[Short descriptive text snippets]

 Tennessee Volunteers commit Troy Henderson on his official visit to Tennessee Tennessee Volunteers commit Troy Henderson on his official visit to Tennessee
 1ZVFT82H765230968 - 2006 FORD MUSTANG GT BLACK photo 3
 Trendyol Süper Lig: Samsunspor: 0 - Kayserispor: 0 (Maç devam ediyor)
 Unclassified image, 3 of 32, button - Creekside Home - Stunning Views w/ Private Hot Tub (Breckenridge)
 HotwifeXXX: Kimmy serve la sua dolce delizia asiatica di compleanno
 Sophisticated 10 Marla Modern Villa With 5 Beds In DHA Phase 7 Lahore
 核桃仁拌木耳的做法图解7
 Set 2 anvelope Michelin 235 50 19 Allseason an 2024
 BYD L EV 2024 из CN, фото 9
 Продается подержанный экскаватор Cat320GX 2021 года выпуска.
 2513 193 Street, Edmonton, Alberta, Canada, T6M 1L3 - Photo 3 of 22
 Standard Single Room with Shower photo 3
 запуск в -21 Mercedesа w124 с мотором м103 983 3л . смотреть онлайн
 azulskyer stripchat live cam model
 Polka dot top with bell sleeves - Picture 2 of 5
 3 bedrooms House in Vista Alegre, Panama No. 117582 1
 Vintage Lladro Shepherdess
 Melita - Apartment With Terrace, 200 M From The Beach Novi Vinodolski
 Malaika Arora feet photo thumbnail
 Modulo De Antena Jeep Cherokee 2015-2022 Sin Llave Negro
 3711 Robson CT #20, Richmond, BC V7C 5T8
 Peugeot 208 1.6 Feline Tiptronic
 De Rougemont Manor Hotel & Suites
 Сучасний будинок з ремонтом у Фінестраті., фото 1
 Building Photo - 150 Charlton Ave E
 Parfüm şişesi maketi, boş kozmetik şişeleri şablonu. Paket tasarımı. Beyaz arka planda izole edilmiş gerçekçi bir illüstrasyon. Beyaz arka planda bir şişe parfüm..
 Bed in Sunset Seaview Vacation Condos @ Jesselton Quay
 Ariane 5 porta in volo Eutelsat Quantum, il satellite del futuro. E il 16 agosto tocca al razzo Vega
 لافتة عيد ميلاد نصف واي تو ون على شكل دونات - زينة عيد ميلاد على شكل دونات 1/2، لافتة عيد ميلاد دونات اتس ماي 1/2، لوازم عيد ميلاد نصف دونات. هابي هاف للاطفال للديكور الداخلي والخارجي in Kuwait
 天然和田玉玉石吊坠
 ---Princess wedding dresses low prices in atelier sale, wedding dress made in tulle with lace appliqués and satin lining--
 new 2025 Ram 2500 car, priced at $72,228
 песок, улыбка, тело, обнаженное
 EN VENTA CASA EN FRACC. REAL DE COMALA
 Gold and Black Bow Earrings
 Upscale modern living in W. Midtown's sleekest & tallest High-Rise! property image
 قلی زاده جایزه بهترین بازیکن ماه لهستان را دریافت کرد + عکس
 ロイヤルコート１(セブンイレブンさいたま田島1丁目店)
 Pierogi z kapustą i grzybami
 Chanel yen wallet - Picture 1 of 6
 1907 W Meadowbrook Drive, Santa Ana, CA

◆ **Task goal**
Take the lines above from the one containing "Продается подержанный экскаватор" to the one containing "Ariane 5 porta" and retype them exactly, both ends included, with nothing added.

◆ **Completed exercise**
 Продается подержанный экскаватор Cat320GX 2021 года выпуска.
 2513 193 Street, Edmonton, Alberta, Canada, T6M 1L3 - Photo 3 of 22
 Standard Single Room with Shower photo 3
 запуск в -21 Mercedesа w124 с мотором м103 983 3л . смотреть онлайн
 azulskyer stripchat live cam model
 Polka dot top with bell sleeves - Picture 2 of 5
 3 bedrooms House in Vista Alegre, Panama No. 117582 1
 Vintage Lladro Shepherdess
 Melita - Apartment With Terrace, 200 M From The Beach Novi Vinodolski
 Malaika Arora feet photo thumbnail
 Modulo De Antena Jeep Cherokee 2015-2022 Sin Llave Negro
 3711 Robson CT #20, Richmond, BC V7C 5T8
 Peugeot 208 1.6 Feline Tiptronic
 De Rougemont Manor Hotel & Suites
 Сучасний будинок з ремонтом у Фінестраті., фото 1
 Building Photo - 150 Charlton Ave E
 Parfüm şişesi maketi, boş kozmetik şişeleri şablonu. Paket tasarımı. Beyaz arka planda izole edilmiş gerçekçi bir illüstrasyon. Beyaz arka planda bir şişe parfüm..
 Bed in Sunset Seaview Vacation Condos @ Jesselton Quay
 Ariane 5 porta in volo Eutelsat Quantum, il satellite del futuro. E il 16 agosto tocca al razzo Vega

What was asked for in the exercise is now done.